Faire ses blancs pains, au Pays des Collines, c'est pétrir le drap du lit comme pour préparer une offrande pour l'au-delà. Ce geste annonce alors que la mort est proche et que le mourant, doucement, se prépare. En trois textes qui s'enchaînent, Françoise Lison-Leroy interroge la place prise par chacun dans sa famille, les présents comme les absents, ceux à la longue vie ou les enfants partis trop tôt. Comme cette tante de deux ans, emportée par la fièvre dans un temps où la vie des enfants était plus fragile. Au cimetière du village, sa tombe côtoie celles d'autres enfants ; un respect sacré, partagé, inné, entoure ce petit coin du cimetière. Sa présence habite les pensées et les promenades de l'auteur. évocations légères, souvenirs, bribes glanées au fil des pérégrinations, mémoire de la famille... ce qui reste de vie pour ceux qui grandissent. Précédée par cet enfant, l'auteure se sent aussi portée par celle qui lui offre alors une bienveillante attention. Elle tisse un monde où les sentiments se transmettent par delà les mots. Diane Delafontaine accompagne ce texte d'images qui, elles aussi, s'ancrent au passé comme au présent. Une manière de faire le lien et de donner au texte une tonalité faite de photos anciennes et de retouches à l'encre.

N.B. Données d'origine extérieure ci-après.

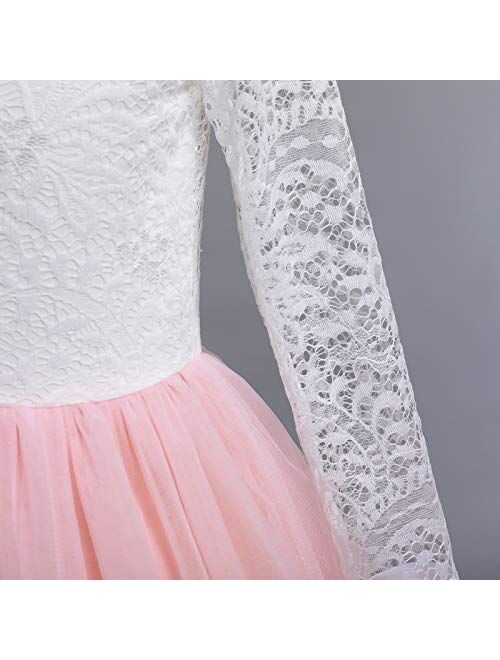 Flower Girls Vintage Lace Wedding Maxi Dress Floor Length Bridesmaid Party Long Pageant Princess Communion Boho Dance Gown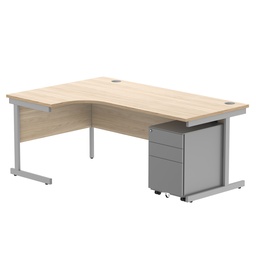 [COREBUNSU1812LOKSV+USMP3SV] CORE Single Upright Left Hand Radial Desk + Under Desk Steel Pedestal 3 Drawers (FSC) | 1800 X 1200 | Canadian Oak/Silver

Trois moments pour dérouler le temps et arpenter la mémoire : une femme nous emmène dans la maison d'une grand-mère, vers les sentiers au fond du jardin et là où tout se trouble. La marche et l'errance urbaine y réveillent le souvenir et dessinent un nouveau territoire à parcourir. Texte de passage, de prise de conscience, de renoncement à un temps idéal qui passe par le deuil ? pas seulement des proches, mais d'une idée du monde, d'une liberté de rêver. Une écriture puissante, à vif, qui nous entraîne là où le quotidien devient poésie, là où le souvenir tisse sa trame.